From that massive position of strength, the U.S. floundered around during qualifying to the point that their spot became tenuous. Still, a big 4-0 win over Panama last week put the Americans back on solid footing. ESPN crunched the numbers and gave them a 93 percent chance of making it going into Tuesday's final night of qualifying games.

Realistically, all the U.S. needed to do was earn a tie with Trinidad & Tobago — the last-place team of the group. Short of that, the U.S. needed either Honduras or Panama to lose Tuesday to still be in good shape. And … all three of the bad things happened. The U.S. is on the outside looking in for the first time in 32 years.

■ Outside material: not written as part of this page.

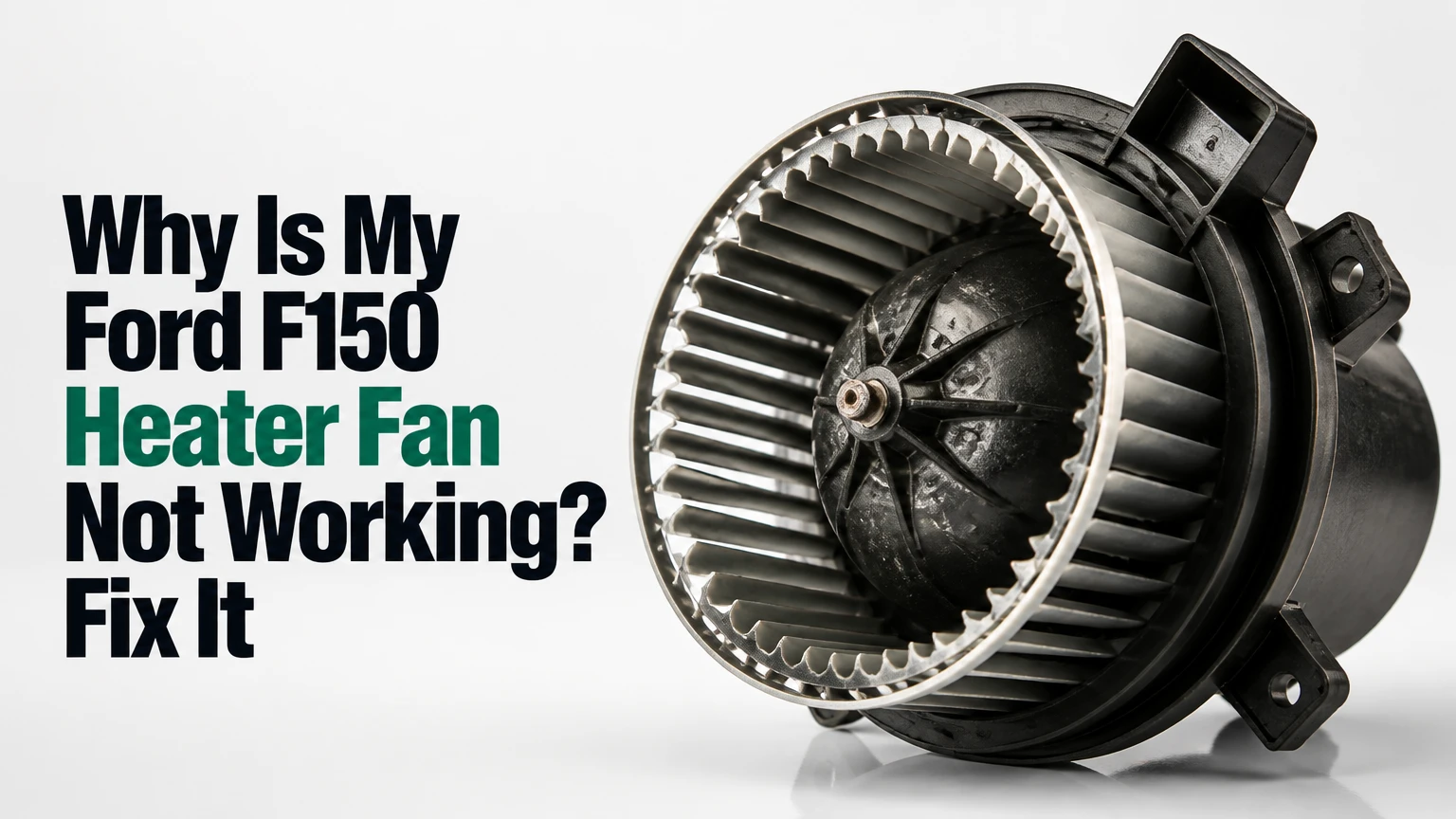 why is my ford f150 heater fan not working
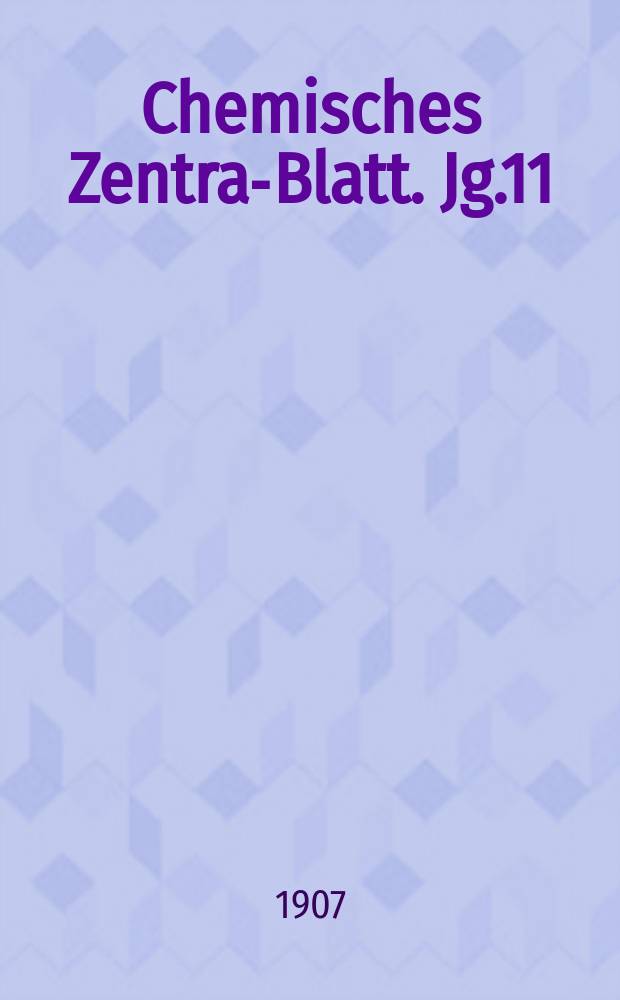 Chemisches Zentral- Blatt. Jg.11(78) 1907, Bd.2, №4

Your Vikings parallel to this: the 2003 season.

The Vikings that year started 6-0, putting themselves in the same general position of strength that the U.S. was in when qualifying began. They then proceeded to lose their next four games — three of them to teams that would finish the year with 4-12 records, the worst in the NFL that season.

But the Vikings rallied enough to be 9-6 going into the regular-season finale. All they had to do was win at Arizona — a 3-12 team at the time — or get some help from other teams to qualify for the playoffs.

The Vikings led 17-6 midway through the fourth quarter, at which time Pro Football Reference gave them a 99.5 percent chance of winning.

The Cardinals then scored a touchdown with 2 minutes left, recovered an on-side kick, and then scored the winning TD on a 4th-and-25 play as time expired. The Packers won their game, giving them the division title and keeping the Vikings out of the playoffs.

The 2003 Vikings and the U.S. Men's National Team were both knocked out before the playoffs even started in the most cruel way — in the final game, against the worst team, after blowing a massive advantage. They had way too much in common.